How is tourism extractive like mining? What is extracted?
You could make the same complaints of any primary industry.
If you think of inflows and outflows to and from a small local economy, in an era where almost every purchase is an outflow to Amazon et al, tourism is an important inflow. Locals cant just keep passing the same $1 around until someone spends it online, you need money coming in.
You can call it "trickle down" economics if you like, but i dont think thats a fair summation. In a small coffee shop, there's no fat cat corporate owner, but a half dozen people with jobs.
Its absolutely true that in some places airbnb has reduced the number of homes available to locals, but thats not generally true of all tourist destinations. Most jurisdictions where this is / was a significant problem have enacted appropriate laws to mitigate it.
Its not about crooked politicians and their rich friends. A reasonable level of tourism is good for everyone, but too much can obviously cause problems.
It's extractive because tourists don't add or contribute to the reason that place is a tourist destination to begin with and in fact often take away or are detrimental.
Of course they bring money but too many and the start to crush the vibe, ruin the housing market and sometimes cause gentrification pushing out the people who were originally there.
Some people are fine but too many can ruin things pretty quick. In the age of Instagram and accessible travel it doesn't take much for a small place to get over run in just a few years.
For an extreme example look at the lines to get up to mount Everest.
This is a dramatic generalisation.
There are plenty of tourist destinations that people love because they are over-run with tourists - the very antithesis of your comment.
I'm not really sure how tourists are ruining the housing market on mount everest. As an aside, I suspect the locals are generally pretty happy with the tourism industry on and around mount everest.
Of course there are examples of tourism disaffecting locals, but these cases are really limited. In general, tourism is a great industry for regional centres.

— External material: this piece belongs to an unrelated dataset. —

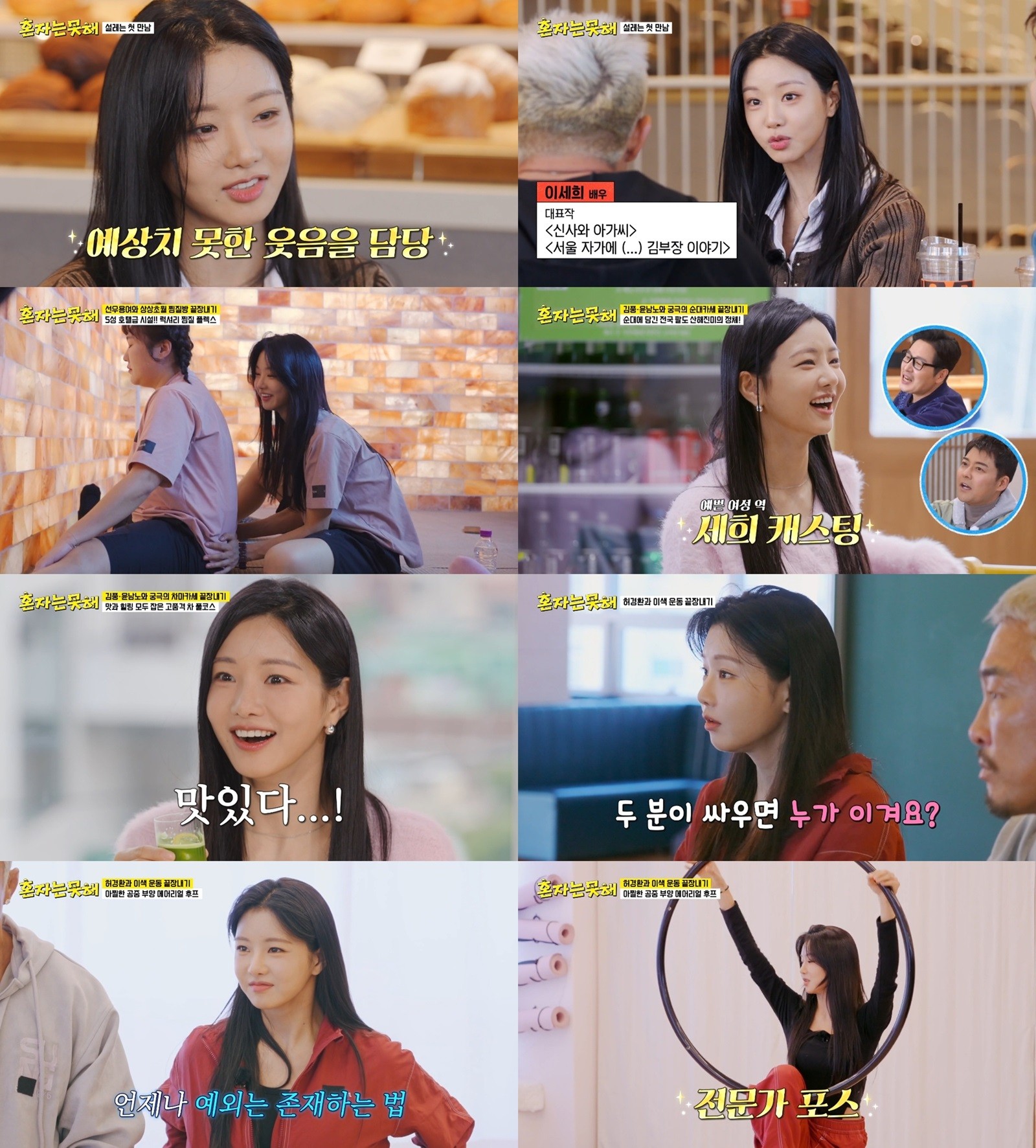 사진= JTBC '혼자는 못 해'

Because you seem like a person wanting to learn and not a bot, here is a video by John Oliver, 6 years ago, about the actual local situation in Everest.
The causes will be varied, and the housing market is not threatened in Everest because tourists don't use houses in Everest the way tourists use houses in Europe (Airbnb), but they're is always incredible damage in whatever thing, local owners use tourist money, to fuck local workers about, not caring for the Shit and damage left behind. In the case is Everest, that Shit is literal. In other places, that Shit is off-season ghost towns, underfunded schools and local necessities, and corrupt local politicians.
This is just capitalism by design, it's not unique to tourism. It IS the owner's fault, not the tourist's, but the tourist buys the meal that the local no longer can afford, because tourists by definition go be tourists in cheaper countries than their own. Do you understand what that means? The locals that serve the tourists, get so little money in comparison, that it's not even funny.